Italian opera singer

Nicola Martinucci (born 28 March 1941) is an Italian opera singer, particularly noted for his performances in the spinto tenor of roles Calaf in Turandot, Radamès in Aida, and the title role in Andrea Chénier.
==Life and career==
Martinucci was born in Taranto, Italy. He did not begin studying singing until his 20s. With the encouragement of Mario Del Monaco he studied in Milan with Marcello Del Monaco (Mario's brother) and with Sara Sforni. He made his debut in 1966 at the Teatro Nuovo in Milan as Manrico in Il Trovatore. In 1966 he had won the Viotti International Music Competition which led to further debuts in Italian opera houses. He later appeared La Scala from 1983 where he reprised the role of Manrico as well as singing Calaf, Radamès, Luigi in Il tabarro and Oronte in I Lombardi; La Fenice where he appeared from 1984 as Calaf, Radames, and Cavaradossi in Tosca; and the Arena di Verona, where he between 1982 and 1986 he sang Radamès, Calaf, and Andrea Chenier.

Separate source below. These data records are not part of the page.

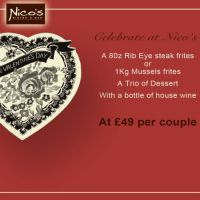 Valentines Day! at The Glen Mhor Hotel And Apartments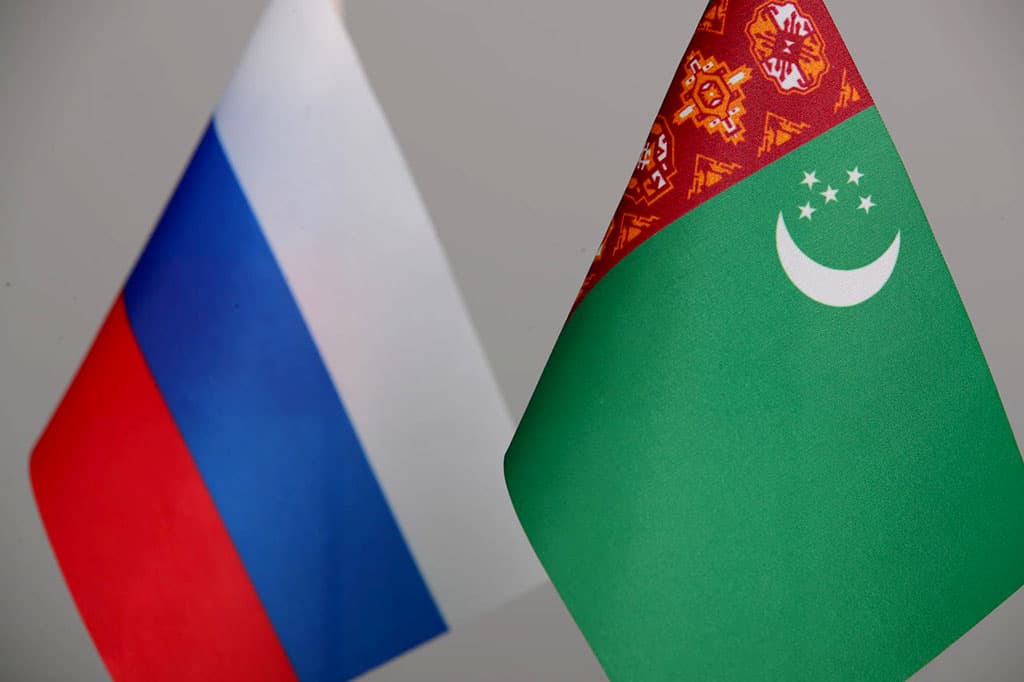 Russia-Turkmenistan Intergovernmental Commission Meeting Will Be Held in October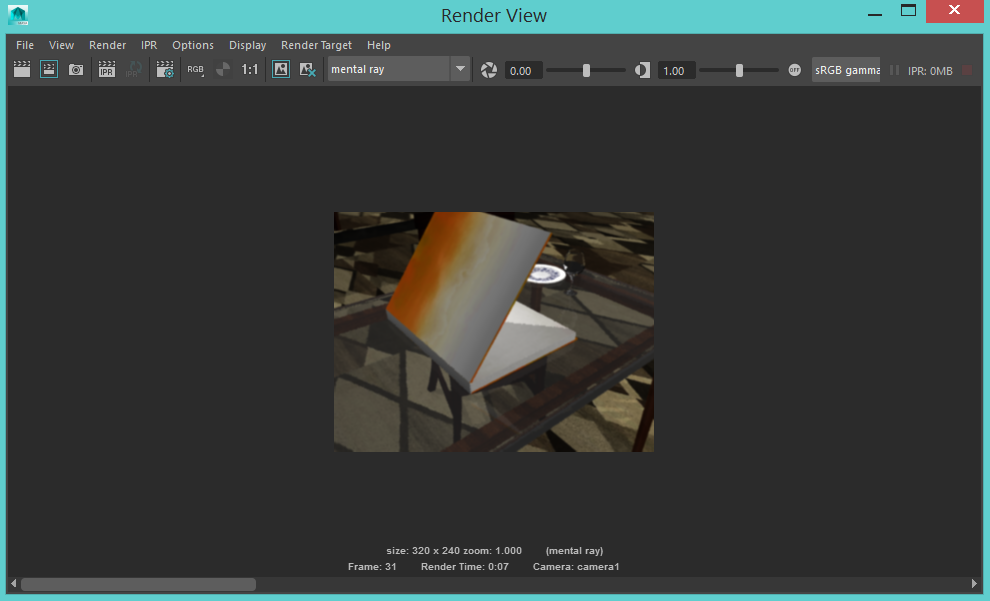 Batch render different from render view Autodesk Community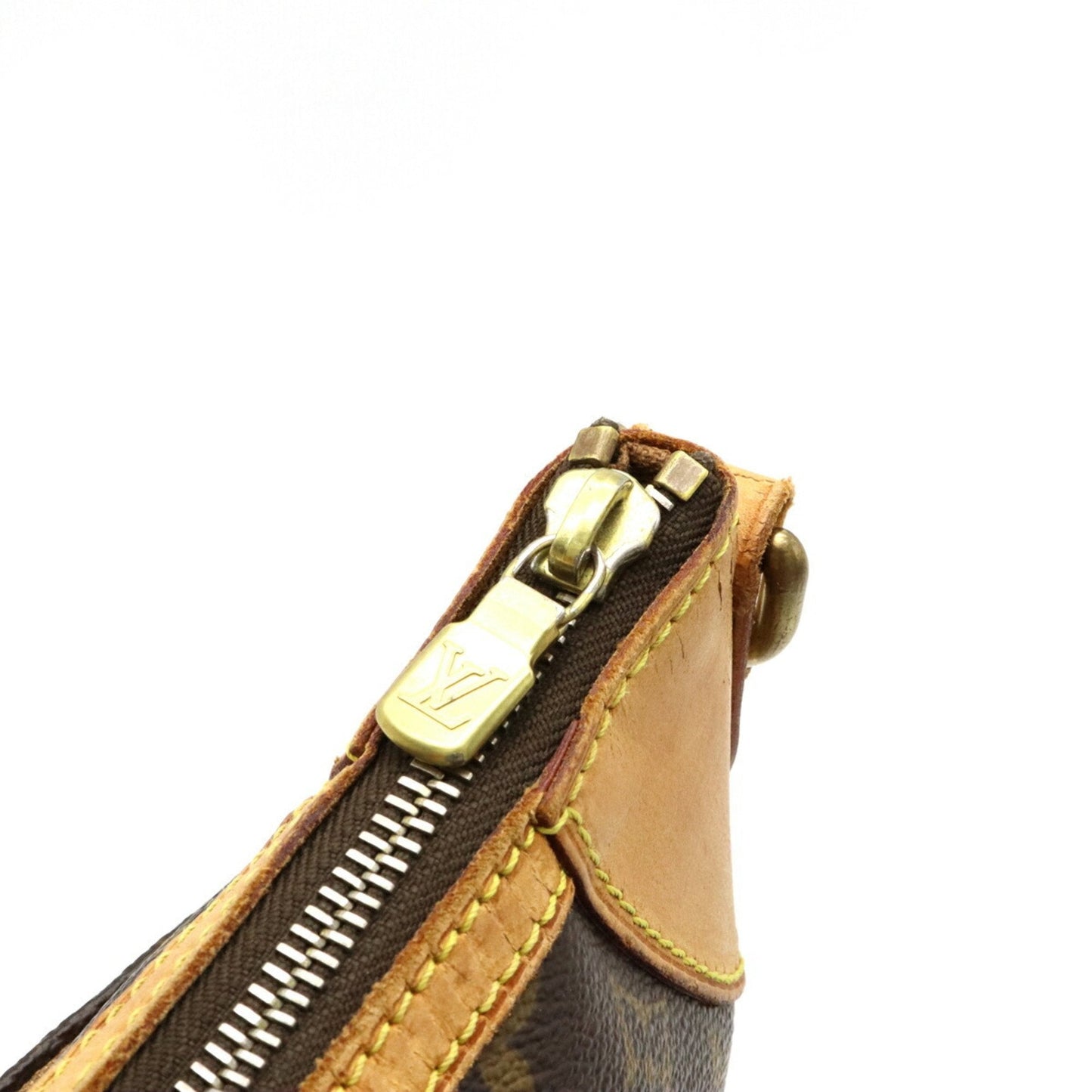 LOUIS VUITTON Monogram Odeon PM Shoulder Bag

Outside his native Italy, Martinucci made his debut at the Teatro Colón in Buenos Aires in 1976 as Des Grieux in Manon Lescaut and appeared there again in 1977 as Calaf, in 1978 in the title role of Don Carlo, and in 1979 as Rodolfo in La bohème. He made his debut at London's Royal Opera House in 1985 as Dick Johnson in La fanciulla del West. His Metropolitan Opera debut came in 1988 when he sang Calaf with Ghena Dimitrova as Turandot. He went on to appear there until 1995 as Radamès, Dick Johnson, Andrea Chénier, and Manrico. His last performance at the Met was as Turiddu in Cavalleria rusticana.

In his later years, Martinucci has taught masterclasses in singing and served on the juries of several singing competitions. His daughter Leyla is also an opera singer. Several of Martinucci's performances have been released on video, including Aida and Turandot from the Arena di Verona.